_Information_
──────────────────────────────

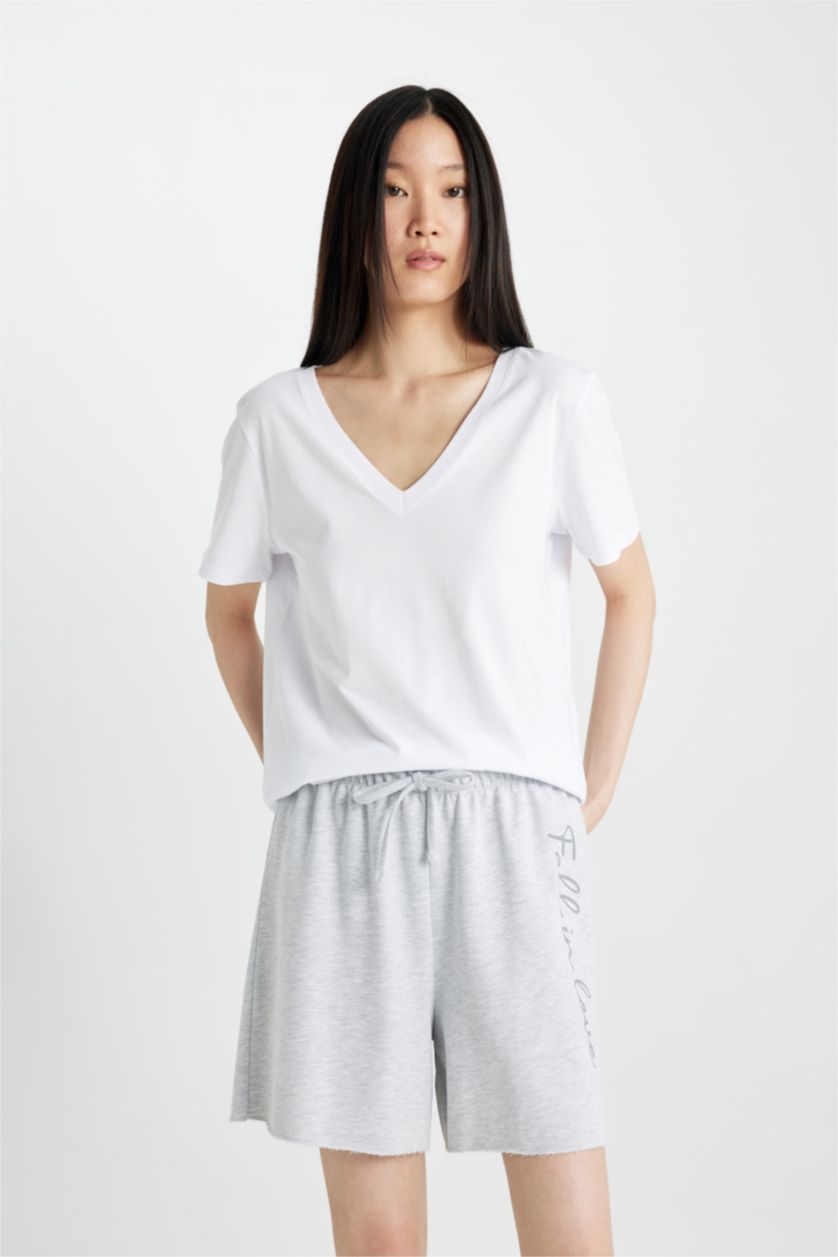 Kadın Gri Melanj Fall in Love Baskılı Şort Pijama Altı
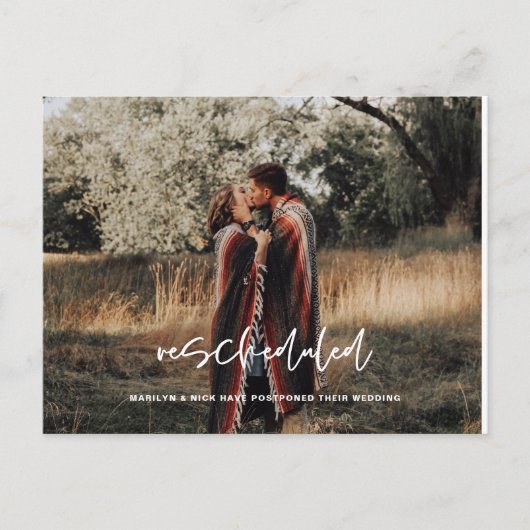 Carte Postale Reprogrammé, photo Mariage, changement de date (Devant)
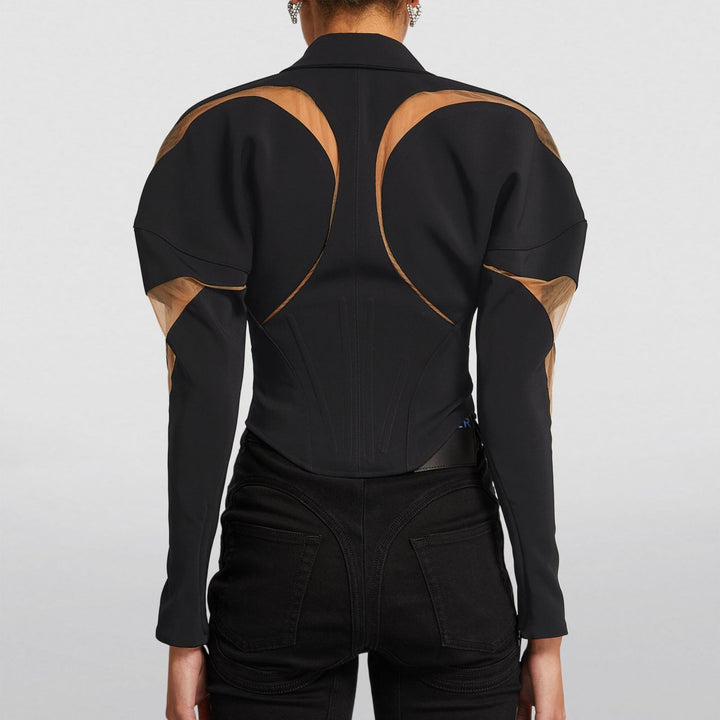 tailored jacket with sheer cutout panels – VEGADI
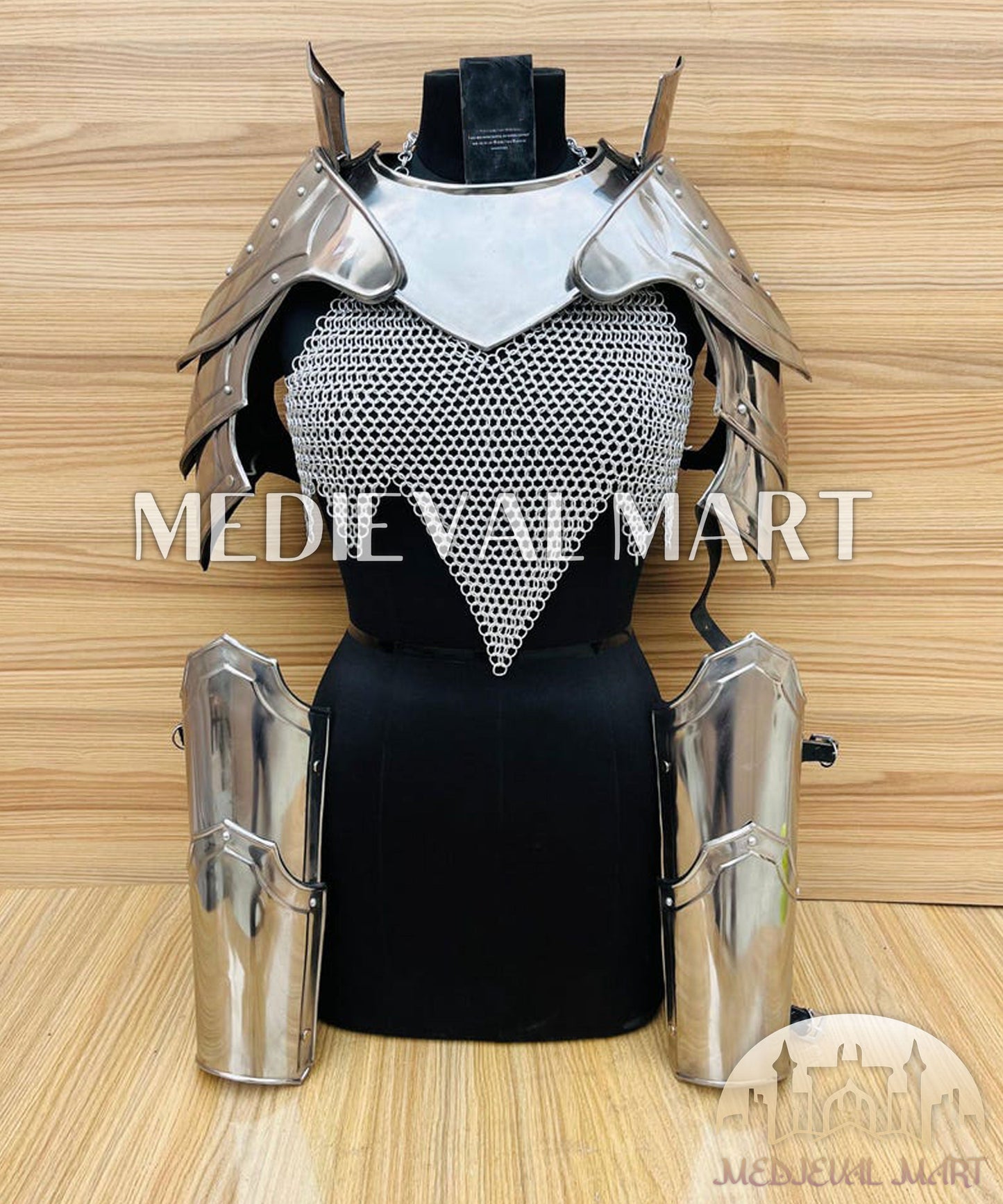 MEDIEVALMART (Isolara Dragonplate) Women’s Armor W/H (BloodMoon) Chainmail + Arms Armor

──────────────────────────────

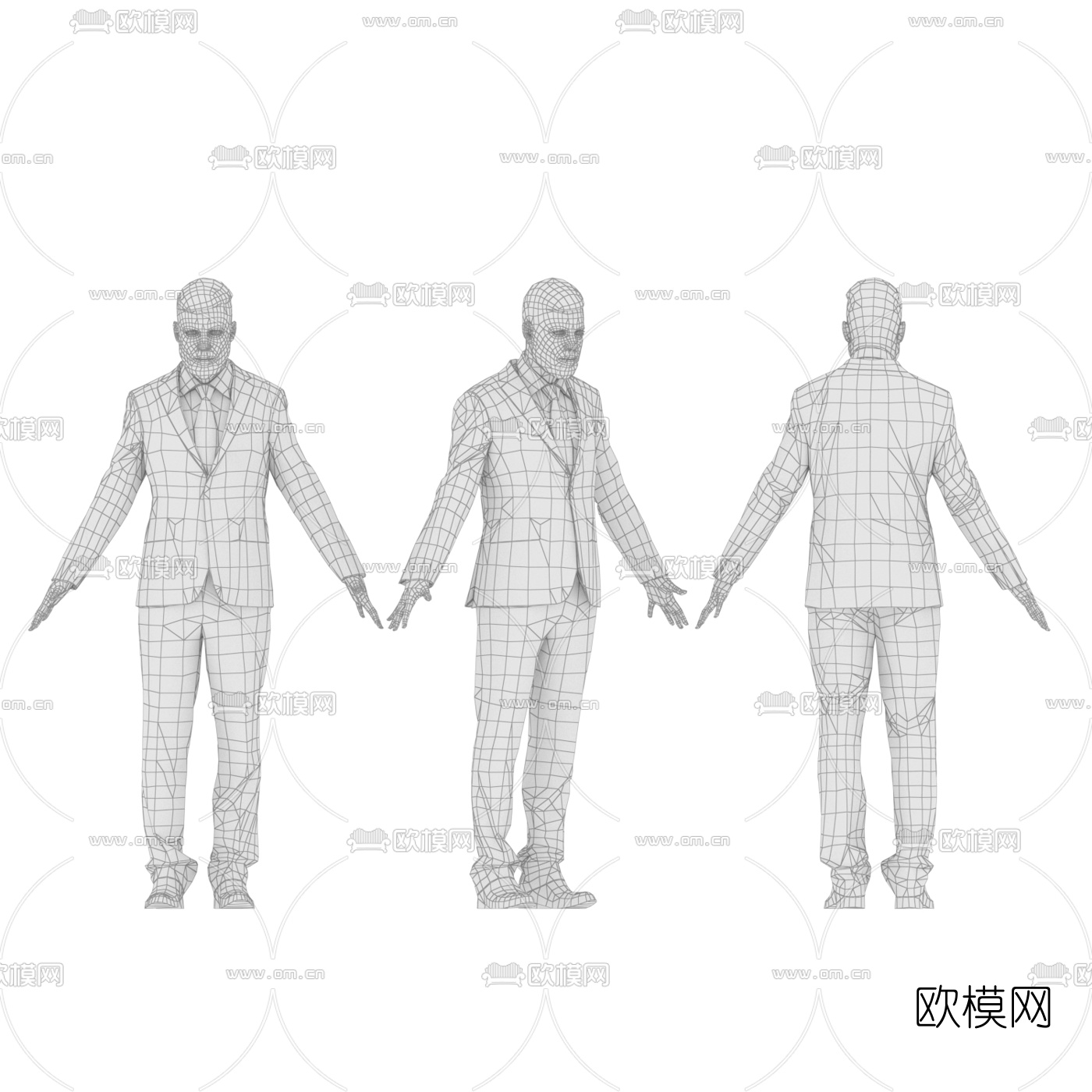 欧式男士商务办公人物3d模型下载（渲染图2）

──────────────────────────────

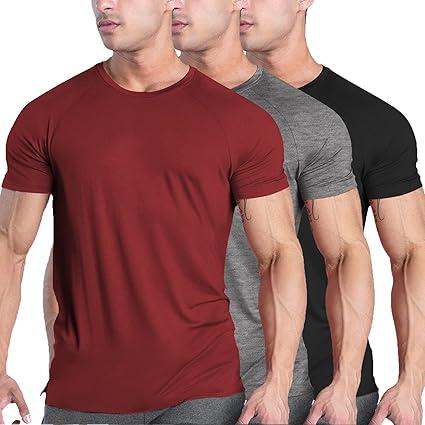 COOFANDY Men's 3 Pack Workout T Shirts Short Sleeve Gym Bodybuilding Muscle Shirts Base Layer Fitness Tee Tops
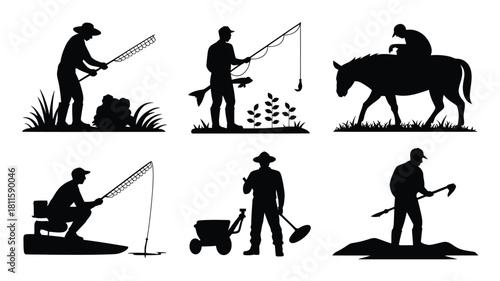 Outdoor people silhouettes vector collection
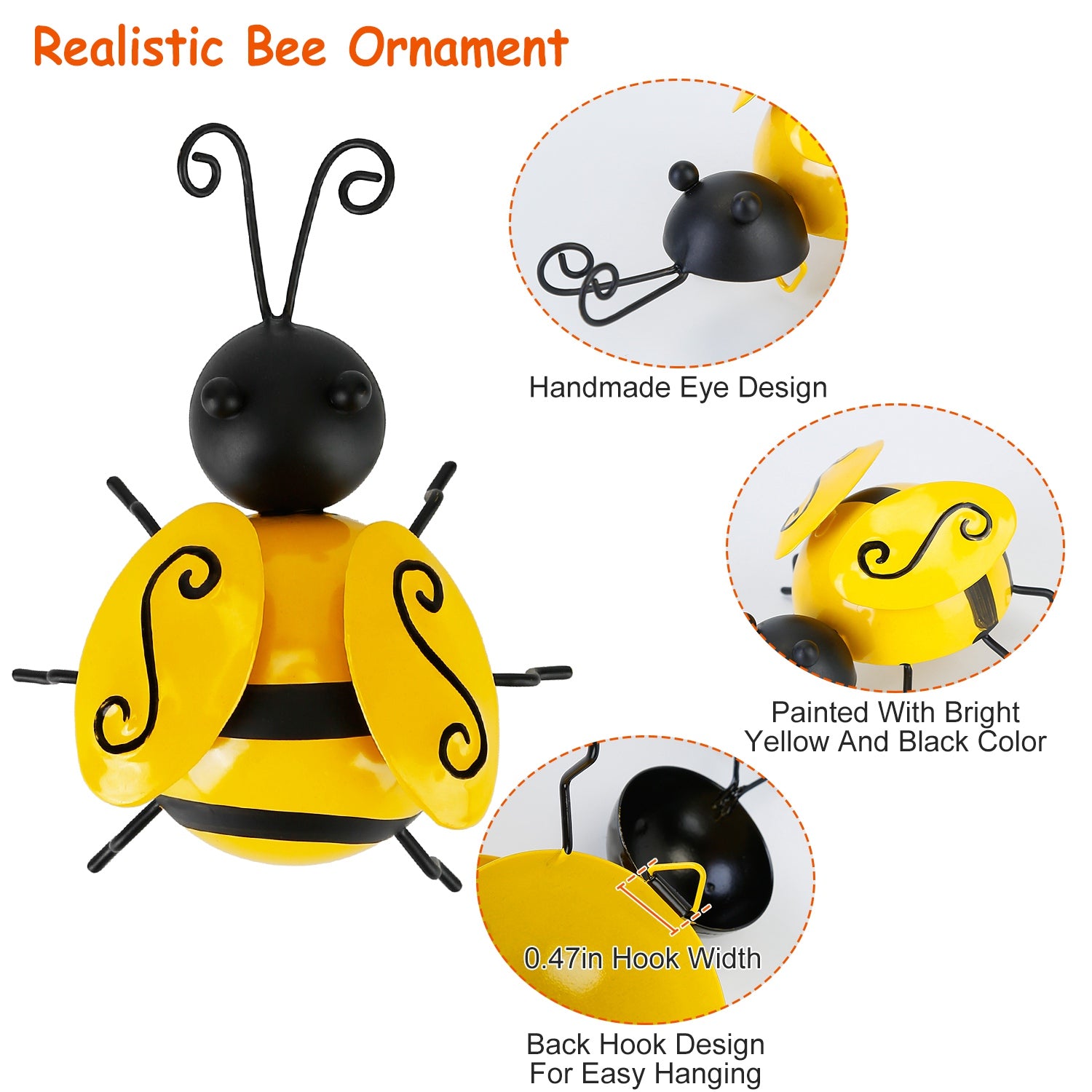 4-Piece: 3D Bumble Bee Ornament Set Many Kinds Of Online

──────────────────────────────

Starting at the line above with "tailored jacket with", output every line exactly up to and including the line with "MEDIEVALMART (Isolara Dragonplate)", but none of the pictures.

 tailored jacket with sheer cutout panels – VEGADI
 MEDIEVALMART (Isolara Dragonplate) Women’s Armor W/H (BloodMoon) Chainmail + Arms Armor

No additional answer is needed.